Here, we demonstrate how to:

  1. Download roads from OpenStreetMap (OSM) for the Isle of Wight.
  2. Weight the network for motor vehicle usage.
  3. Compute betweenness centrality with dodgr.
  4. Convert the results back to sf for mapping.
# Get Isle of Wight road network
# We choose 'primary', 'secondary', 'tertiary' roads for demonstration
roads = oe_get("Isle of Wight", 
                extra_tags = c("maxspeed", "oneway")) |>
  filter(highway %in% c("primary", "secondary", "tertiary"))

# Weight the street network for motorcar usage
graph = weight_streetnet(
  roads,
  wt_profile = "motorcar",
  type_col = "highway",
  id_col = "osm_id",
  keep_cols = c("maxspeed", "oneway")
)

# Calculate betweenness centrality
centrality = dodgr_centrality(graph)

# Convert to sf for visualization
centrality_sf = dodgr_to_sf(centrality)

# Visualize critical links
tm_shape(centrality_sf) +
  tm_lines(
    col = "centrality",
    col.scale = tm_scale_intervals(style = "fisher", values = "-viridis"),
    col.legend = tm_legend(title = "Betweenness Centrality"),
    lwd = 3
  ) 

The code above should generate a map that looks something like this:

High values in the centrality column indicate roads that act as vital connectors in the regional transport network.

8 Extra Exercises: 3D Visualization

A 3D perspective can often reveal relationships between travel flows and the underlying topography more effectively. Below, we demonstrate how to retrieve elevation data and render a 3D hillshade using the rayshader package. You may also be interested in overlaying flow lines onto a 3D terrain model to enhance visualization.

Note: the following code requires you to install the rayshader elevatr gifski rgl package. Results not shown in website.

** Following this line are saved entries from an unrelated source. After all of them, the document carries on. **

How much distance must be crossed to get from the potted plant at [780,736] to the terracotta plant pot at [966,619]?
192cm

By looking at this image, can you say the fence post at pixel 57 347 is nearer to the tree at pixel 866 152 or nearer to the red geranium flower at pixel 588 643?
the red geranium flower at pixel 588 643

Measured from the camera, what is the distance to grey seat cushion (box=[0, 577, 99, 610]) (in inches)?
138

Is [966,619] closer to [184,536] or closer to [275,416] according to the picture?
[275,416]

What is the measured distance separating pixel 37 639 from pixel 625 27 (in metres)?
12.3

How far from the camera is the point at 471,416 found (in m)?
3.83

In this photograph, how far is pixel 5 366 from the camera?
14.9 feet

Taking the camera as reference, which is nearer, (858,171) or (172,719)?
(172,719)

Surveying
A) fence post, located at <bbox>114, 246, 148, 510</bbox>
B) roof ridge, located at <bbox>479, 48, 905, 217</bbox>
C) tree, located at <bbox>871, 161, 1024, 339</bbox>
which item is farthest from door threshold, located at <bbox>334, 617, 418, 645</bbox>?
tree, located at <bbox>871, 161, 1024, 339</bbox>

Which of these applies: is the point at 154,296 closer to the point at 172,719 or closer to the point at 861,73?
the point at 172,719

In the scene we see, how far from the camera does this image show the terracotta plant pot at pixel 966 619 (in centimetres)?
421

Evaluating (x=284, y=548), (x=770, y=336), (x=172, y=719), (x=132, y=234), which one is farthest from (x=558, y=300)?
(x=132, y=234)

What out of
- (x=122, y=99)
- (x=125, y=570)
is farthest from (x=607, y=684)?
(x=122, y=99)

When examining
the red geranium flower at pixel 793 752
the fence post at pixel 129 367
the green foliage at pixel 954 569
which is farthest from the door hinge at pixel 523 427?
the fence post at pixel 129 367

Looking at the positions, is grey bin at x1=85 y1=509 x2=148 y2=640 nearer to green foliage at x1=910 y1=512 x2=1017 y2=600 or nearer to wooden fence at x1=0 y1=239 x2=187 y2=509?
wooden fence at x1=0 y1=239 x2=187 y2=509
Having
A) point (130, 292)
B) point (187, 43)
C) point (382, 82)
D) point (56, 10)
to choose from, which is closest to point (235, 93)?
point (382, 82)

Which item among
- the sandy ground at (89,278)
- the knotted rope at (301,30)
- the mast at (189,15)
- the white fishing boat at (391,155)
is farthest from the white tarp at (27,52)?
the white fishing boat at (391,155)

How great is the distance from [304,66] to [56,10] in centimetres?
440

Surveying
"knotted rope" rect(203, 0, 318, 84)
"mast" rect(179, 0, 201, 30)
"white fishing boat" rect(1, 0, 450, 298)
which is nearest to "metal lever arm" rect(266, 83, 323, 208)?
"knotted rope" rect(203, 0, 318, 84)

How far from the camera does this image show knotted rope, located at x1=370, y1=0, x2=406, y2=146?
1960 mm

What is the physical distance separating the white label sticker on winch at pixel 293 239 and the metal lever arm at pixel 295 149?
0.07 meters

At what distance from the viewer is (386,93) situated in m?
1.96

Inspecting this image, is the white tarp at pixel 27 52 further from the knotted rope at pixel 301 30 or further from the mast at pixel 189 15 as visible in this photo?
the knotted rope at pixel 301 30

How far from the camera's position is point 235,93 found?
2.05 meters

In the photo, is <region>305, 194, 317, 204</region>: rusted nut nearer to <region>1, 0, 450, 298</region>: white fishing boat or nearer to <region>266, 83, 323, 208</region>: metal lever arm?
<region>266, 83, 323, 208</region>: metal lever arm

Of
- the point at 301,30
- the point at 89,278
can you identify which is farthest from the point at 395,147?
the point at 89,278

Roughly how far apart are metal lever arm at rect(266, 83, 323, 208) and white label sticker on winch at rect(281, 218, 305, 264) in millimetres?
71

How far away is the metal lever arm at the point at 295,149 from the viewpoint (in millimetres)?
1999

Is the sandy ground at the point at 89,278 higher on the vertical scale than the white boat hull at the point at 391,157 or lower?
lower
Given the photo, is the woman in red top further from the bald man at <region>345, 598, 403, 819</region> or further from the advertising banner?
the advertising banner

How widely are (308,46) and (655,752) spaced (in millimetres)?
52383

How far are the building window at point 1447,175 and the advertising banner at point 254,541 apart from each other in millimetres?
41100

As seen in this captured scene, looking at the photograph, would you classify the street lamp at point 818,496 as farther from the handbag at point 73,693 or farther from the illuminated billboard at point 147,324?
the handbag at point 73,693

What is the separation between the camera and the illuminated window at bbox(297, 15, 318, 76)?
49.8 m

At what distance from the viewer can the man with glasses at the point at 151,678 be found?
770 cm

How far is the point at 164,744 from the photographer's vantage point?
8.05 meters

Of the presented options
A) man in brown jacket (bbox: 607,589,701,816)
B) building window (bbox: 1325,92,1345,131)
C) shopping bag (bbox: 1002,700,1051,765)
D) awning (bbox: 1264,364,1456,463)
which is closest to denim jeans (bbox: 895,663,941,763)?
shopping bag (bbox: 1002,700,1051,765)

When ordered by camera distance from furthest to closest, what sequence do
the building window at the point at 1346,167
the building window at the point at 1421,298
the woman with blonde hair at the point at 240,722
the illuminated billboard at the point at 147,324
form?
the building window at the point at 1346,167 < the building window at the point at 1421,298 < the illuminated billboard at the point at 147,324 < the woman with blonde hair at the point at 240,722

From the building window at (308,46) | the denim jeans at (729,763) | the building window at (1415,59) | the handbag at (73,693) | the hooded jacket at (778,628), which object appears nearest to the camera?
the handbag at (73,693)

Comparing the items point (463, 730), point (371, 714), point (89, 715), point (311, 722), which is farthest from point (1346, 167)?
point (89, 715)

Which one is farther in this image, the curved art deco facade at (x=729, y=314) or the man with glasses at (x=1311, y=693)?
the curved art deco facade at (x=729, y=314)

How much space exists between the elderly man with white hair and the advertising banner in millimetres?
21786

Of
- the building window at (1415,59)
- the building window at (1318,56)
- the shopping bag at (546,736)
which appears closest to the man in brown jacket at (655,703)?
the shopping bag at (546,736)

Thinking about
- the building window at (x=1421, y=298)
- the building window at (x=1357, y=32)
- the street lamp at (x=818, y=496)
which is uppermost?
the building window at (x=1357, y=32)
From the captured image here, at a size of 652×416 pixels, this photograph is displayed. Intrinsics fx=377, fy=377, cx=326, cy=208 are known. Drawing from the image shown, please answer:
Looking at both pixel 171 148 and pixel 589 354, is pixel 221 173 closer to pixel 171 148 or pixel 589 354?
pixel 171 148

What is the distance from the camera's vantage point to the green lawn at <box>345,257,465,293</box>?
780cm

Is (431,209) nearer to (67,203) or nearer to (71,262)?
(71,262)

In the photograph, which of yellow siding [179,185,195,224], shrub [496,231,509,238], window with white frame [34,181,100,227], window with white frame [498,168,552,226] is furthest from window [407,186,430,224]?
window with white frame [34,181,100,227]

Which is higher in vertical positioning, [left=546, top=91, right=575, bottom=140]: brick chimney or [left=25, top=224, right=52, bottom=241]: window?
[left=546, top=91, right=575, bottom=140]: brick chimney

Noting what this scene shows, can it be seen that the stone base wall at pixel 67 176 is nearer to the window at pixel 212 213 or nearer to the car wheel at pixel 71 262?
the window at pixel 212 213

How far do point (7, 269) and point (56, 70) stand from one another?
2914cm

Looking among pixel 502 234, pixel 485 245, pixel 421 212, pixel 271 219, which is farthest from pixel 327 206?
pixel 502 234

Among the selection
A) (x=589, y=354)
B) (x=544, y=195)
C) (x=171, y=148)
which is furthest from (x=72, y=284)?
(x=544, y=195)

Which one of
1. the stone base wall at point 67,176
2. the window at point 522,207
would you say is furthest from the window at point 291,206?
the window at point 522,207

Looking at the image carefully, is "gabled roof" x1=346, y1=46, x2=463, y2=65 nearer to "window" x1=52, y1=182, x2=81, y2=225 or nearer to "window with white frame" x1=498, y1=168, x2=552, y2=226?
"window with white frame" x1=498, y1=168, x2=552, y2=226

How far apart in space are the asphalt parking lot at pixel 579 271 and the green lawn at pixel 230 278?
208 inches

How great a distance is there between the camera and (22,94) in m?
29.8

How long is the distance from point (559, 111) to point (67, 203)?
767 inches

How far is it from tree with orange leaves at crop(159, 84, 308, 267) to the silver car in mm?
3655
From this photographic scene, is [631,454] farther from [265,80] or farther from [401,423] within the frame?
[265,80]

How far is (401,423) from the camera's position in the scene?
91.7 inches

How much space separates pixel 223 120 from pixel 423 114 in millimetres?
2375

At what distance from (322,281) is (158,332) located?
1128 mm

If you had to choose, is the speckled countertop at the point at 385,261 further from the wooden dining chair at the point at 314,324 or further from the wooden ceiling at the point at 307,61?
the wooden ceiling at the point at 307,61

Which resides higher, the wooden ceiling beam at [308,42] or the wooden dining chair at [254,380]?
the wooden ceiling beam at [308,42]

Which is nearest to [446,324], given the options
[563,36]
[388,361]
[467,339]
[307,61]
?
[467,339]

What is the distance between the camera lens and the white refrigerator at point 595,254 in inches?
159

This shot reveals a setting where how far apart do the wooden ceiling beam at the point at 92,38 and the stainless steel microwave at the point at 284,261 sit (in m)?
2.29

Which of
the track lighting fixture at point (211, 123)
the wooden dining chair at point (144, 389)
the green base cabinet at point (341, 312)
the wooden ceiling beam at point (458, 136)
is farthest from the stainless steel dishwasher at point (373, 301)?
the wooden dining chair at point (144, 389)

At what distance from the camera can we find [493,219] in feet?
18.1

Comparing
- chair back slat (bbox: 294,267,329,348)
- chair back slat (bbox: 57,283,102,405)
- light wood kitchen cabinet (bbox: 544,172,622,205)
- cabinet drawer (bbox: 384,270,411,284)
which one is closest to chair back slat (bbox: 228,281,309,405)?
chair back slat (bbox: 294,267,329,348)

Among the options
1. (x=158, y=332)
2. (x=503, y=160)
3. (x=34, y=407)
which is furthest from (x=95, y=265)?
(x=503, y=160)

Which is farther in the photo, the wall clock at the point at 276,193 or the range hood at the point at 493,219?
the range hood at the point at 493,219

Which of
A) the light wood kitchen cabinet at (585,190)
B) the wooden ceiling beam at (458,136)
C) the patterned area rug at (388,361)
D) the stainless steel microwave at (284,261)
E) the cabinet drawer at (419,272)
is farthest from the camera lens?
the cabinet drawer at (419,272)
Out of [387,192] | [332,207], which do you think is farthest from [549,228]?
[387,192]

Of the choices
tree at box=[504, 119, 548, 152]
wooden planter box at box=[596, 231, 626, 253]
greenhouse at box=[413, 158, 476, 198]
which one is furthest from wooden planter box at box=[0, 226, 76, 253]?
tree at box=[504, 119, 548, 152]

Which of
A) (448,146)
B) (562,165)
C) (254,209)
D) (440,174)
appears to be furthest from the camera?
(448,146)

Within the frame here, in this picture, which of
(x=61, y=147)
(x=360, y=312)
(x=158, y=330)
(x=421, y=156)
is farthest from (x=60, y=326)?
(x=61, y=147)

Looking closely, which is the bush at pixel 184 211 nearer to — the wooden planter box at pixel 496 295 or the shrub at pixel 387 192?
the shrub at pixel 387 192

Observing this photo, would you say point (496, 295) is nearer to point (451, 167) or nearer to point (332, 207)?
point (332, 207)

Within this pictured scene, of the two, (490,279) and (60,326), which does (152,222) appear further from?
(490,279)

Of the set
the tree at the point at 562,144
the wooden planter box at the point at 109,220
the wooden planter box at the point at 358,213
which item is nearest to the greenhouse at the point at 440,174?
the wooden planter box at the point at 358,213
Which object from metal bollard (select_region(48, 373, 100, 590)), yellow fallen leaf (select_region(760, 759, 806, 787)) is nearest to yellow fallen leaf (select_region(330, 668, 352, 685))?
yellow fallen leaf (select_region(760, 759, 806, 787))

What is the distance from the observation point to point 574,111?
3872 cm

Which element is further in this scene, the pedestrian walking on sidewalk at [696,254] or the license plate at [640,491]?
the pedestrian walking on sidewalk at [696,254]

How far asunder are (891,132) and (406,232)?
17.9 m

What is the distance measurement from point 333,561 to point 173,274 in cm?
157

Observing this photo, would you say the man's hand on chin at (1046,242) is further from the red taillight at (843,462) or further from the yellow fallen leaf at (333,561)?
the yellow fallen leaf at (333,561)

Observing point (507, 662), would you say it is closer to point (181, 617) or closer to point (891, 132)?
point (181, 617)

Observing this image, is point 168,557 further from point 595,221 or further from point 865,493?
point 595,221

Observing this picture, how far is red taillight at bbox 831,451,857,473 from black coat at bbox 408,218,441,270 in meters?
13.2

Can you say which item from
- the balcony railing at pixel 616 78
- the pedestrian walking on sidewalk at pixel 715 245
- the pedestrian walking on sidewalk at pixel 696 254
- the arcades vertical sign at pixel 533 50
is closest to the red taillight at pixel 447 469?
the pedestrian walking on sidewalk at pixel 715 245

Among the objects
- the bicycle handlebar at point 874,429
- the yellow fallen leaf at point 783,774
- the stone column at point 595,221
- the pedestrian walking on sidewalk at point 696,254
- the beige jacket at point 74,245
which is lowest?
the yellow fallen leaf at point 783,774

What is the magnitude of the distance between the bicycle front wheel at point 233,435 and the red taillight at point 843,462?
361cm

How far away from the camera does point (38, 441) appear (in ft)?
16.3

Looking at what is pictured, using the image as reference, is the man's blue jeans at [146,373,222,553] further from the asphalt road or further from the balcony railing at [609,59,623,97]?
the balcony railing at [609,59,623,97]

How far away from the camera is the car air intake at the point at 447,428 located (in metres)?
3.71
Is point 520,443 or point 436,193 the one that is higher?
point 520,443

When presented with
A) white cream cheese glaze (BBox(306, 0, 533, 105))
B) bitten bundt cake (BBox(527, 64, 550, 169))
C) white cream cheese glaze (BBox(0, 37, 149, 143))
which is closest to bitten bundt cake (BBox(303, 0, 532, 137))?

library(rayshader)        # 3D data visualization
library(elevatr)          # Elevation data
library(gifski)           # Creating GIF animations
library(rgl)              # 3D visualization device

assign("has_internet_via_proxy", TRUE, environment(curl::has_internet))
curl::has_internet()
# Example: Elevation data near a location in the UK
coords = data.frame(x = -2.087918, y = 53.71534)
coords_sf = st_as_sf(coords, coords = c("x", "y"), crs = 4326)
# Get an elevation raster at zoom level 11 (~ 10m resolution, depending on region)
elevation = elevatr::get_elev_raster(
  locations = coords_sf,
  z = 11
)
# Convert the raster to a matrix for rayshader
elev_matrix = rayshader::raster_to_matrix(elevation)
# Create a hillshade layer
hillshade_matrix = rayshader::ray_shade(elev_matrix, zscale = 15)
# Clear existing rgl device
rgl::rgl.clear()
# Render a 3D plot of the terrain
rayshader::plot_3d(
  heightmap = elev_matrix,
  hillshade = hillshade_matrix,
  zscale = 15,
  windowsize = c(1000, 800)
)
# Adjust camera view
rgl::view3d(theta = 30, phi = 30, zoom = 0.75)
rgl::rglwidget()

9 Conclusions

In this practical, you learned how to:

  1. Create flow maps to visualize travel demand from an OD dataset.
  2. Compare flows by mode (driving, walking, cycling) to understand differences in spatial patterns.
  3. Aggregate routes along the road network (using stplanr::overline) to highlight heavily used corridors.
  4. Compute betweenness centrality (using dodgr) to pinpoint critical road segments crucial for connectivity.